Fear of an Arab attack leads to the children being evicted from the boarding school, leaving behind the two young companions, the teachers, and the military troops. The teachers worry that the
ammunition they have accumulated before the war will not be enough to repel the attack. To their rescue come Dan and Saadia, who avoided the eviction and now understand that the treasure they hid could save the
Yishuv
. When they go to the orchard where they hid the crate, they happen to eavesdrop on a meeting among Arabs who are contemplating a night attack on the Jews (they are able to follow the conversation, because Sa’adia the Yemeni knows Arabic). Using the hand grenades, the children prepare a deadly trap that saves their boarding school from destruction.

Fear of annihilation and the almost miraculous acts that avoid it are recurring motifs in this film. Fear and pride are conveyed through a microhistorical focus on the conflict as a reflection of the macrohistorical picture. The boarding school is ‘surrounded by Arabs’ and is saved by the valour of the two boys – one Ashkenazi and the other Mizrachi – signifying another foundational myth, the unity of Jewish exiles from all over the world.

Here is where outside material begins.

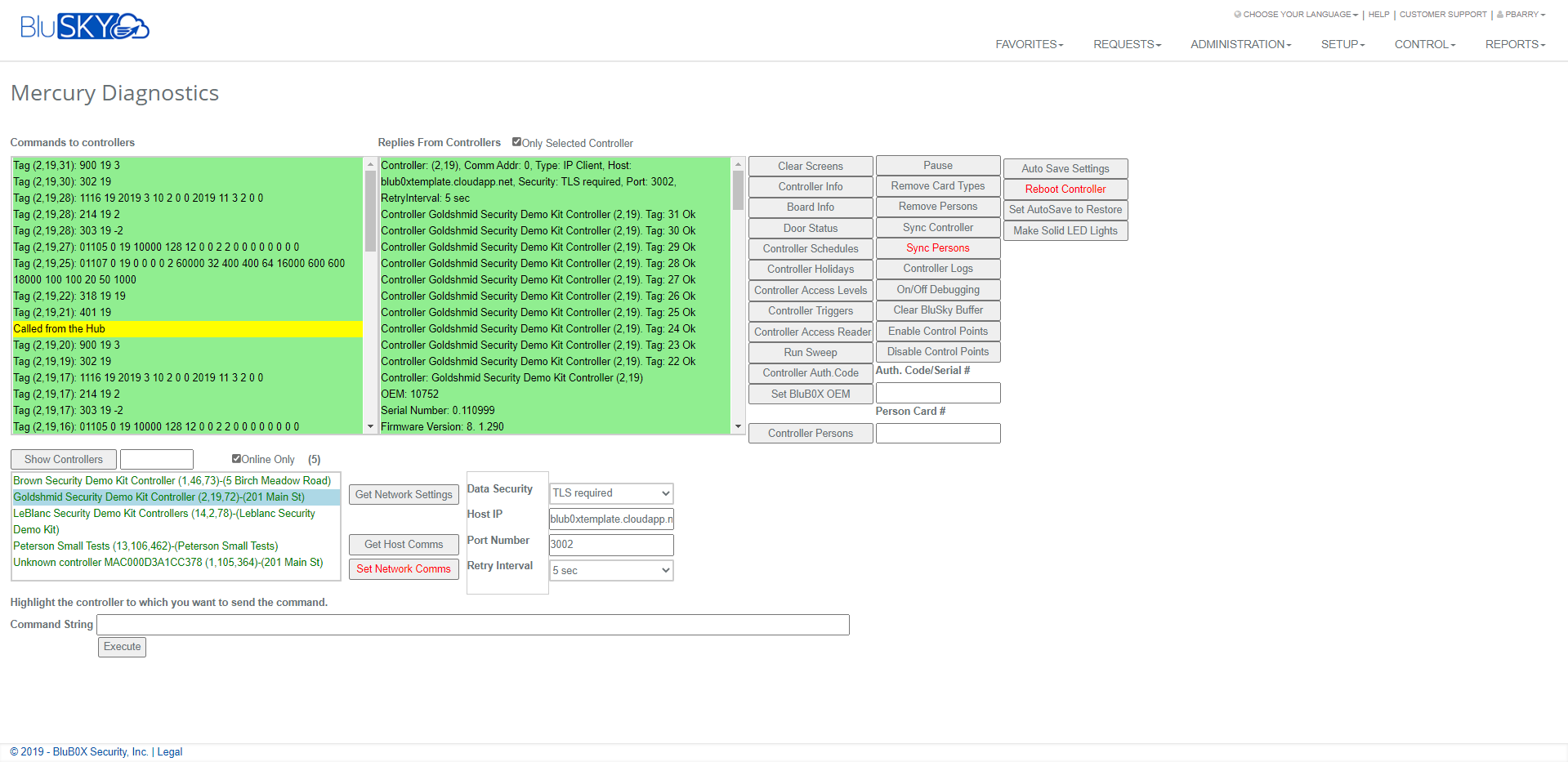Mercury Firmware Upgrade   Controller Host Comms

These two new Jewish heroes face Arab danger without for a moment losing their humanity. Although the peril of extinction would normally raise suspicions against anybody who is an Arab, the two schoolboys, unlike all other teenagers in the world, resist this tendency. The viewers see this when, in Dan’s imagination, an innocent Arab woman momentarily turns into an Arab wearing a keffiyeh and holding a gun. Arab violence is responsible for the demonisation in young Dan’s mind, which in turn can explain the collateral damage sometimes meted out to the Arabs by the Zionists. But the woman soon transforms back into the innocent person she is. Apart from this scene, however, the Arabs are shown as an incited mob, complete with keffiyehs and guns – in other words, the potential terrorists portrayed in scholarly works up to the 1980s.